▶ [Problem description]: A single stretch of the material below is to be transcribed exactly, starting at the line with "日野 H25 リエッセⅡ 幼児バス 車検付 画像8" and ending after the line with "EU Considers Using".

--- Dataset extract ---

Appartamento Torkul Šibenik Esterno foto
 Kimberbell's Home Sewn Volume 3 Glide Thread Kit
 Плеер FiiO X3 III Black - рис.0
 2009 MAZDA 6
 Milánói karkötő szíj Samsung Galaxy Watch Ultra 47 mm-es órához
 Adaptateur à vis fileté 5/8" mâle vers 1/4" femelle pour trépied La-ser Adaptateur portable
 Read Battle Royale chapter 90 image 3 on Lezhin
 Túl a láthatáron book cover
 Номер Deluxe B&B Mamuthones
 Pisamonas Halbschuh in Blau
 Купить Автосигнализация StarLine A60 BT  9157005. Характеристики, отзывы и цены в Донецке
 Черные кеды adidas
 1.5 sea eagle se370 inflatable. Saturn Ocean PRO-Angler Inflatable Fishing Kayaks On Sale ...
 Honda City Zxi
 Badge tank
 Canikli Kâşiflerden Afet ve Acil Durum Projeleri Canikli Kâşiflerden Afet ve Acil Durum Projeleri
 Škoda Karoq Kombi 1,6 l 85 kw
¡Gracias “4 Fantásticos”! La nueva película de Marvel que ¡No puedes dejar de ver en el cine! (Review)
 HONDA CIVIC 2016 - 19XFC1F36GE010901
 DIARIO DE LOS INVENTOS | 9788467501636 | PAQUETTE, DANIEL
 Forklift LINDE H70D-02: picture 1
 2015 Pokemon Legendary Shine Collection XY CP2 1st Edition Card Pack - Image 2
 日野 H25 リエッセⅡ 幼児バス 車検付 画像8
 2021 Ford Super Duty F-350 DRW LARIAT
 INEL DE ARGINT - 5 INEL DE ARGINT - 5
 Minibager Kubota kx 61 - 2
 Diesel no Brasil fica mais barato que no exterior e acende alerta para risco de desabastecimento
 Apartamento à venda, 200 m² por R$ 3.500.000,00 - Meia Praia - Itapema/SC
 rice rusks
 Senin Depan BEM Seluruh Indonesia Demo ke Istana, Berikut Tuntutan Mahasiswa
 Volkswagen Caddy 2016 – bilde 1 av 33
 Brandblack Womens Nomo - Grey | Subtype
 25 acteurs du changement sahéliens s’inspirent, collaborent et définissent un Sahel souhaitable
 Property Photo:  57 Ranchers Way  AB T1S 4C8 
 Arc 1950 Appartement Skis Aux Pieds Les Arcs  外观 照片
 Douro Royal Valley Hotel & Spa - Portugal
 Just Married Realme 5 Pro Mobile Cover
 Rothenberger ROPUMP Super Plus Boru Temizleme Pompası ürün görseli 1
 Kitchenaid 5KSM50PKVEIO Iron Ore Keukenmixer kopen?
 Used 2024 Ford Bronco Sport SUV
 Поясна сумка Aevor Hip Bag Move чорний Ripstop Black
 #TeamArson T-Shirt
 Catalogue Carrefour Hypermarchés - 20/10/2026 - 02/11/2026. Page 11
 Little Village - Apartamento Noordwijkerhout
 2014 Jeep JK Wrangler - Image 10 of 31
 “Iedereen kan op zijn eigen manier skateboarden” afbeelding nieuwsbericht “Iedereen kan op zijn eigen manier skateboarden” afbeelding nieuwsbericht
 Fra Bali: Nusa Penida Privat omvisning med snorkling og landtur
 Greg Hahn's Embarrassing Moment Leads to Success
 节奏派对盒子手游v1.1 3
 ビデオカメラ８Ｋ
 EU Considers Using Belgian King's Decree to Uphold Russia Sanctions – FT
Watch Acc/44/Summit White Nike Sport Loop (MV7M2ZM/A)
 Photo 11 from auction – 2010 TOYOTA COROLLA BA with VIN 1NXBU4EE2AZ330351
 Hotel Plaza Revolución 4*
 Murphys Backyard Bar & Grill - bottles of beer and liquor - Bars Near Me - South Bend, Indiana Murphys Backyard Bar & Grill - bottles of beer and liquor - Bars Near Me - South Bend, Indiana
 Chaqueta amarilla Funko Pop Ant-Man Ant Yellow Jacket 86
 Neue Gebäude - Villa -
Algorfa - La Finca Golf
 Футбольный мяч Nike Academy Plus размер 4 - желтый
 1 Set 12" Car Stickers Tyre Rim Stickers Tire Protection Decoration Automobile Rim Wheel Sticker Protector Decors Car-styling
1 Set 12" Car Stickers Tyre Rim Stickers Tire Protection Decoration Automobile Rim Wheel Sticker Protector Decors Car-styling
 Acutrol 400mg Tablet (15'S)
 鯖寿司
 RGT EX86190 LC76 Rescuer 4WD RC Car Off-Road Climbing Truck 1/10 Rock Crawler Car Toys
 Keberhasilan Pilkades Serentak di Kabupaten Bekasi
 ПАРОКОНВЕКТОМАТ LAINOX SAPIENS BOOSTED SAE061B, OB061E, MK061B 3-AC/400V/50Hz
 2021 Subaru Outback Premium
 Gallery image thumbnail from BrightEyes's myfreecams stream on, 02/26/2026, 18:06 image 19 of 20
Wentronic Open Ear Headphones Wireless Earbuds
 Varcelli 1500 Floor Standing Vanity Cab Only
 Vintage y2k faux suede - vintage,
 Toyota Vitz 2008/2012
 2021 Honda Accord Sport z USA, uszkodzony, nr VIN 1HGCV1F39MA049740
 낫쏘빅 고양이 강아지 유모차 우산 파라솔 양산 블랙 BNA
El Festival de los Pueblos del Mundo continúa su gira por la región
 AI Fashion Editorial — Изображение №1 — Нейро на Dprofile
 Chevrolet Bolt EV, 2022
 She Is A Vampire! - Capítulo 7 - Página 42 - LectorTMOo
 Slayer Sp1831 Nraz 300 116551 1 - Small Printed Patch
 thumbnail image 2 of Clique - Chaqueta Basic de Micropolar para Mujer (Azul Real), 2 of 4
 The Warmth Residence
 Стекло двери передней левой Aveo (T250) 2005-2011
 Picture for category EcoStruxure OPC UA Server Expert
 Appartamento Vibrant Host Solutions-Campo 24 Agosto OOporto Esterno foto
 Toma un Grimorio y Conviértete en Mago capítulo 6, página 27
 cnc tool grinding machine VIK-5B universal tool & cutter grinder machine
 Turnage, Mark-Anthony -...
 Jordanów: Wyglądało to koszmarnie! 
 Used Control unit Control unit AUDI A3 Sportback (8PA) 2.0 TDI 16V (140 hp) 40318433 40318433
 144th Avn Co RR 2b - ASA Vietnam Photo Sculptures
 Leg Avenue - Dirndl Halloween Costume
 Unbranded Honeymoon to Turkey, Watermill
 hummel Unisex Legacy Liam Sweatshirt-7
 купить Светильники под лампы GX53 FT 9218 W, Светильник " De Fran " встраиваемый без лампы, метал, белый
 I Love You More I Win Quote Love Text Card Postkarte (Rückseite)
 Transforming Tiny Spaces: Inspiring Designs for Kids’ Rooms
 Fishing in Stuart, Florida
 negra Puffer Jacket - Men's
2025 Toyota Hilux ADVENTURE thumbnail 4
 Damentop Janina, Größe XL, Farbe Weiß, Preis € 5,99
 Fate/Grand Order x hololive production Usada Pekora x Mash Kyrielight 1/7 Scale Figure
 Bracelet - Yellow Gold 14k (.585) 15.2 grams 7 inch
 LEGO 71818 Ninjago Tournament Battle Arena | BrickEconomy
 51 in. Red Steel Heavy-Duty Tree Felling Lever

---

▶ [Solution for this exercise]:
 日野 H25 リエッセⅡ 幼児バス 車検付 画像8
 2021 Ford Super Duty F-350 DRW LARIAT
 INEL DE ARGINT - 5 INEL DE ARGINT - 5
 Minibager Kubota kx 61 - 2
 Diesel no Brasil fica mais barato que no exterior e acende alerta para risco de desabastecimento
 Apartamento à venda, 200 m² por R$ 3.500.000,00 - Meia Praia - Itapema/SC
 rice rusks
 Senin Depan BEM Seluruh Indonesia Demo ke Istana, Berikut Tuntutan Mahasiswa
 Volkswagen Caddy 2016 – bilde 1 av 33
 Brandblack Womens Nomo - Grey | Subtype
 25 acteurs du changement sahéliens s’inspirent, collaborent et définissent un Sahel souhaitable
 Property Photo:  57 Ranchers Way  AB T1S 4C8 
 Arc 1950 Appartement Skis Aux Pieds Les Arcs  外观 照片
 Douro Royal Valley Hotel & Spa - Portugal
 Just Married Realme 5 Pro Mobile Cover
 Rothenberger ROPUMP Super Plus Boru Temizleme Pompası ürün görseli 1
 Kitchenaid 5KSM50PKVEIO Iron Ore Keukenmixer kopen?
 Used 2024 Ford Bronco Sport SUV
 Поясна сумка Aevor Hip Bag Move чорний Ripstop Black
 #TeamArson T-Shirt
 Catalogue Carrefour Hypermarchés - 20/10/2026 - 02/11/2026. Page 11
 Little Village - Apartamento Noordwijkerhout
 2014 Jeep JK Wrangler - Image 10 of 31
 “Iedereen kan op zijn eigen manier skateboarden” afbeelding nieuwsbericht “Iedereen kan op zijn eigen manier skateboarden” afbeelding nieuwsbericht
 Fra Bali: Nusa Penida Privat omvisning med snorkling og landtur
 Greg Hahn's Embarrassing Moment Leads to Success
 节奏派对盒子手游v1.1 3
 ビデオカメラ８Ｋ
 EU Considers Using Belgian King's Decree to Uphold Russia Sanctions – FT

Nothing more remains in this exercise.